Output exactly the lines spanning from the line containing "#45 Three Anchor Bay 1945." to the last line of the entries, inclusive.

Records from a collection

((

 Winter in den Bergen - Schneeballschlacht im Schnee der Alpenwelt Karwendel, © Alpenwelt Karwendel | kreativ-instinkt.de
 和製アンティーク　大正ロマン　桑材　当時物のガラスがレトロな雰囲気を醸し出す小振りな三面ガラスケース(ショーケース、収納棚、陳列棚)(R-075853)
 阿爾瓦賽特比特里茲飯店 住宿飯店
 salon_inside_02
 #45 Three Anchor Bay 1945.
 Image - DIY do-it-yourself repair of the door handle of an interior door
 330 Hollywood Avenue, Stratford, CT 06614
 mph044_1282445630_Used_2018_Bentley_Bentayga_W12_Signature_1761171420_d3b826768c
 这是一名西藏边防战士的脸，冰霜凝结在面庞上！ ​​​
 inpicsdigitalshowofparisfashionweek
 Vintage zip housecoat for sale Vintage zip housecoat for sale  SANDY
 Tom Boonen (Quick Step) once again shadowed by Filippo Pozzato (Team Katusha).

))

**ANSWER FOR THIS EXERCISE**.
 #45 Three Anchor Bay 1945.
 Image - DIY do-it-yourself repair of the door handle of an interior door
 330 Hollywood Avenue, Stratford, CT 06614
 mph044_1282445630_Used_2018_Bentley_Bentayga_W12_Signature_1761171420_d3b826768c
 这是一名西藏边防战士的脸，冰霜凝结在面庞上！ ​​​
 inpicsdigitalshowofparisfashionweek
 Vintage zip housecoat for sale Vintage zip housecoat for sale  SANDY
 Tom Boonen (Quick Step) once again shadowed by Filippo Pozzato (Team Katusha).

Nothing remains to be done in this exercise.